== EXERCISE GOAL ==
In the records below, find the line that holds "Vintage roses cake - Cake by Carmen". Restate it and every later line exactly, stopping at the end and skipping pictures.

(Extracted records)
******************************
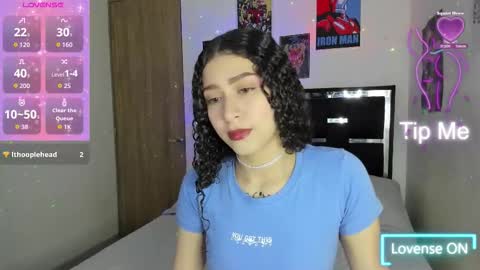 Snapshot of alice_martinez_ chatting on 12, 9, 2025 alice and amber online show from 12, 9, 2025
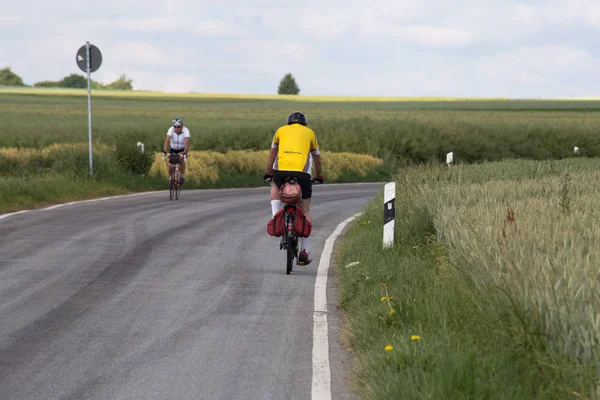 Lidé Cyklistika Kaiserstrasse Cestou Německo — Stock fotografie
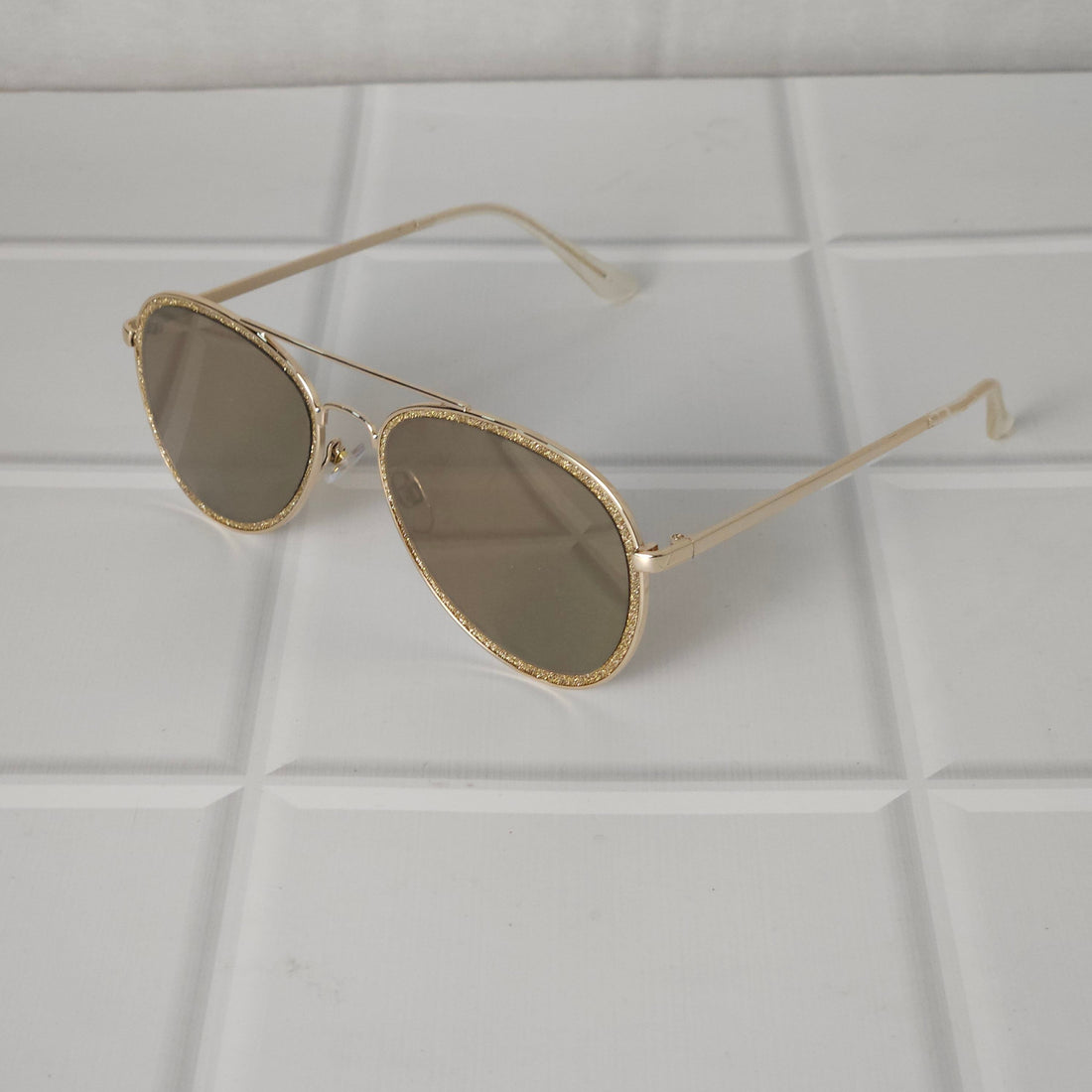 Phenomenal Gold Aviator Sunglass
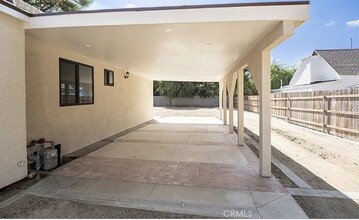 10824 Foothill Blvd in Sylmar, CA - Building Photo - Building Photo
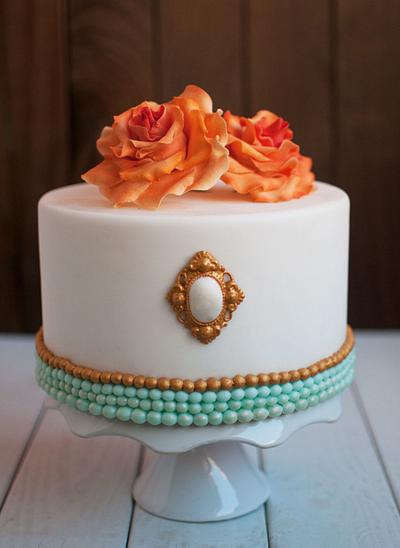 Vintage roses cake - Cake by Carmen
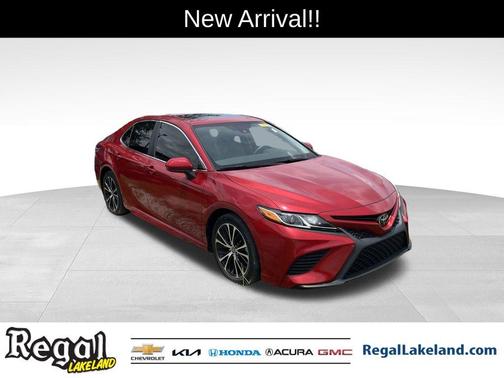 2020 Toyota Camry SE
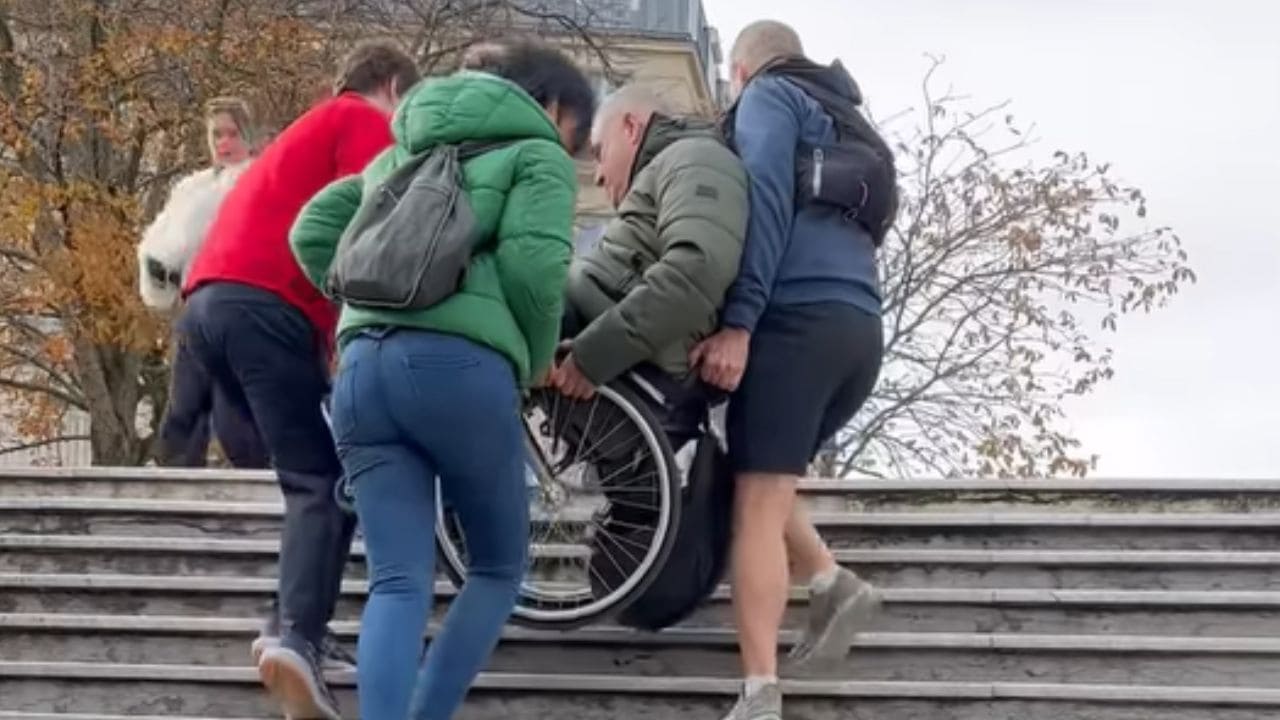 La odisea de un español en silla de ruedas para salir del metro de París: «Falta humanidad y empatía»
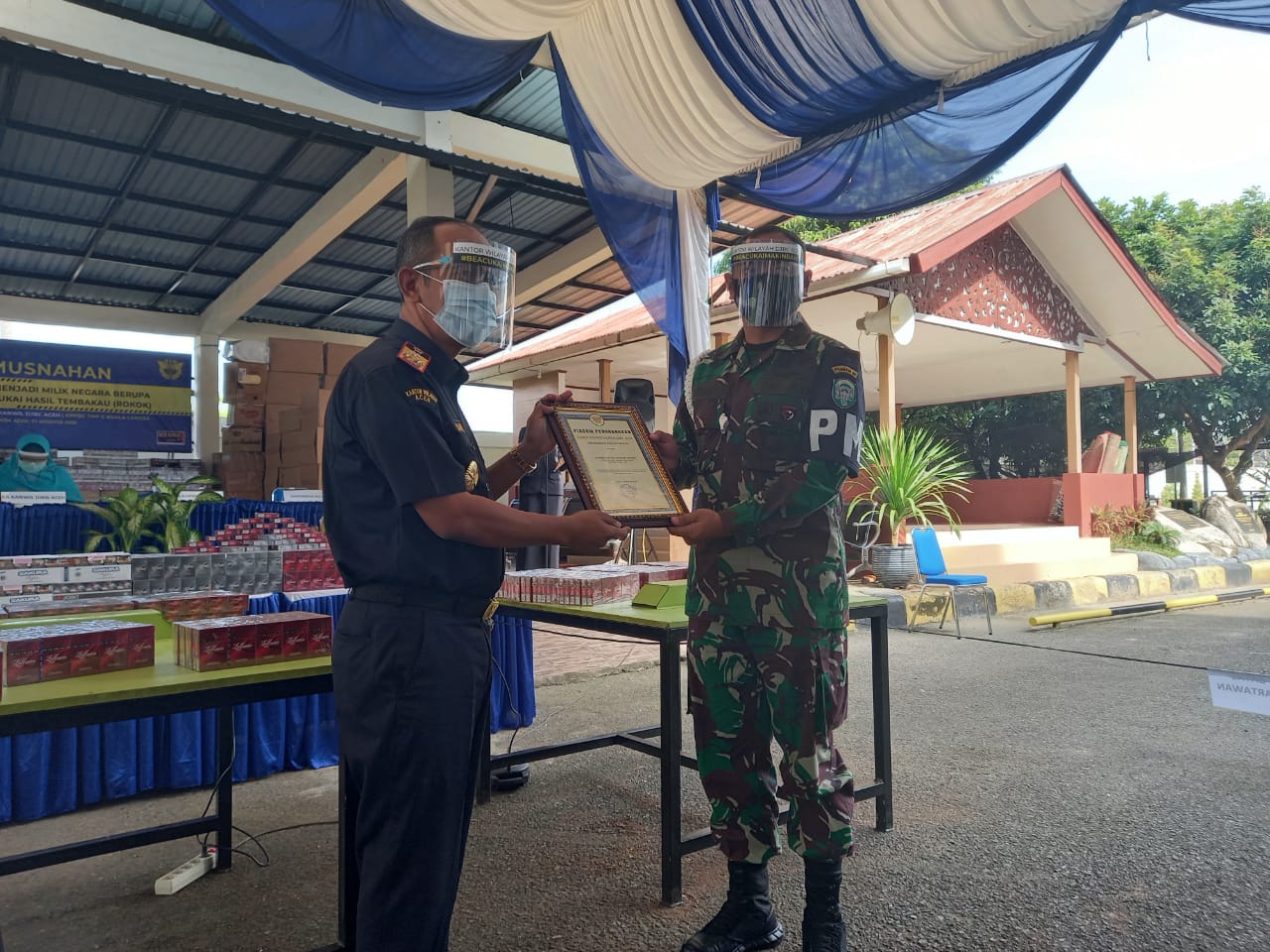 Hadiri Pemusnahan Barang Bukti Rokok Ilegal, Pomdam IM Terima Penghargaan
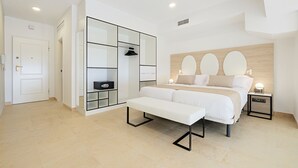 Brankas, setrika/meja setrika, tempat tidur bayi, dan Wi-Fi gratis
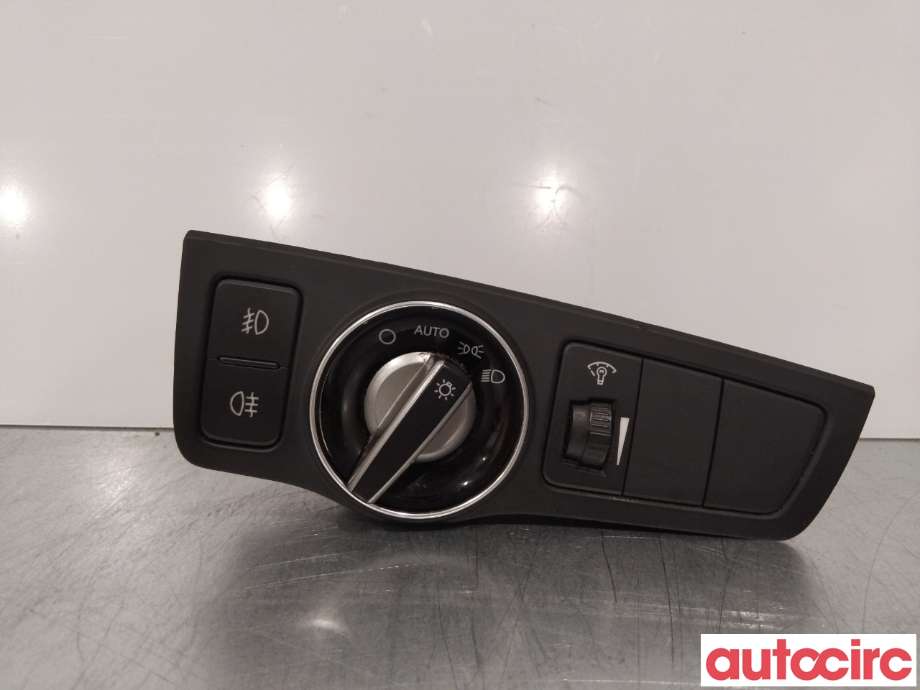 Bryter lys til Hyundai i40, 2012-2017  (HYUNDAI|933003Z050RY)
******************************
== THE ANSWER ==
 Vintage roses cake - Cake by Carmen
 2020 Toyota Camry SE
 La odisea de un español en silla de ruedas para salir del metro de París: «Falta humanidad y empatía»
 Hadiri Pemusnahan Barang Bukti Rokok Ilegal, Pomdam IM Terima Penghargaan
 Brankas, setrika/meja setrika, tempat tidur bayi, dan Wi-Fi gratis
 Bryter lys til Hyundai i40, 2012-2017  (HYUNDAI|933003Z050RY)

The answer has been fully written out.